Short descriptive text snippets:
• • • •

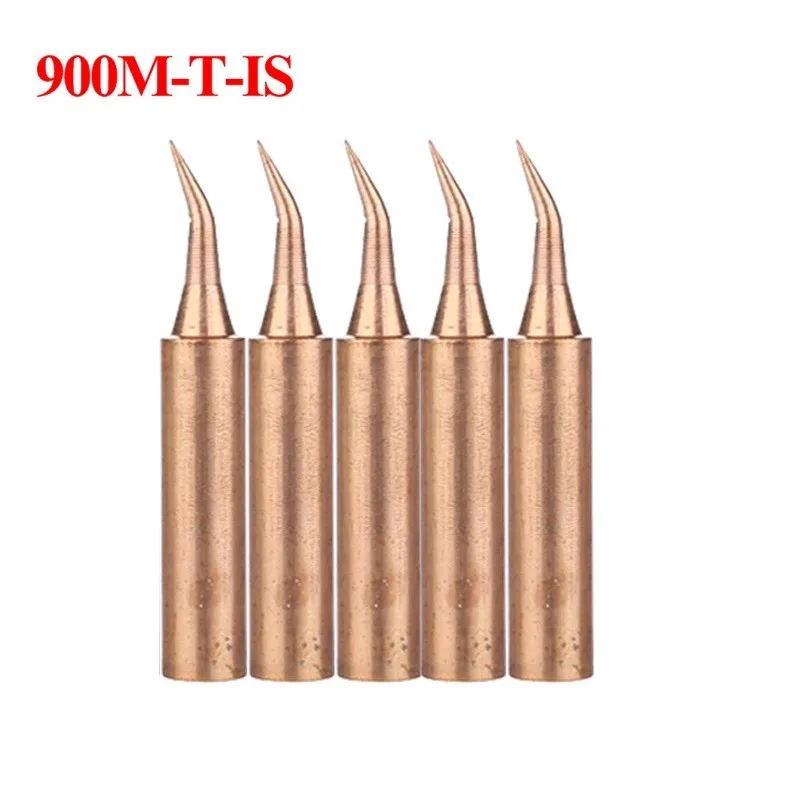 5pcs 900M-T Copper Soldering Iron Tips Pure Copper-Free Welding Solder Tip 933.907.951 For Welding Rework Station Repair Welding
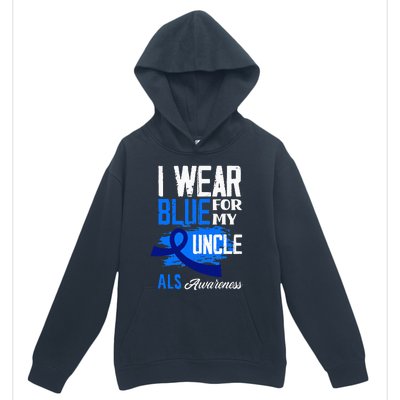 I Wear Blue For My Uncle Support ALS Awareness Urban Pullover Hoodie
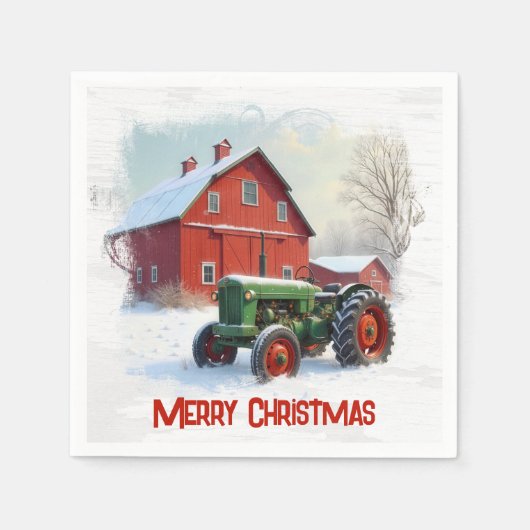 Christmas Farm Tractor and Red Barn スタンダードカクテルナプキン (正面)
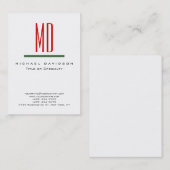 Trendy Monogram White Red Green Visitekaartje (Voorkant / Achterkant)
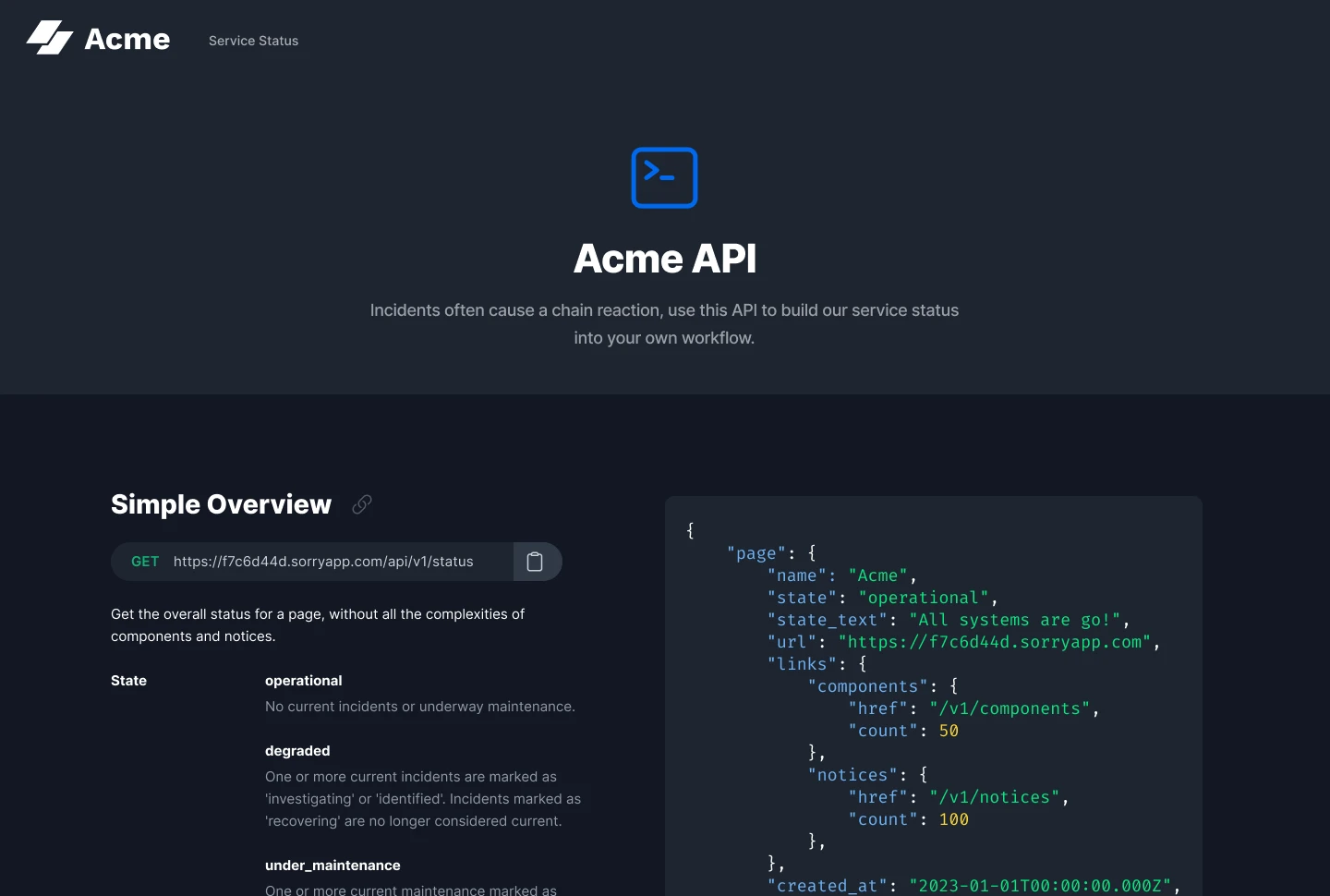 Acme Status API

• • • •

[Exercise objective]
Leaving out every picture, transcribe exactly the lines from the line that contains "I Wear Blue" through the final line of the entries above.

[Your response]
 I Wear Blue For My Uncle Support ALS Awareness Urban Pullover Hoodie
 Christmas Farm Tractor and Red Barn スタンダードカクテルナプキン (正面)
 Trendy Monogram White Red Green Visitekaartje (Voorkant / Achterkant)
 Acme Status API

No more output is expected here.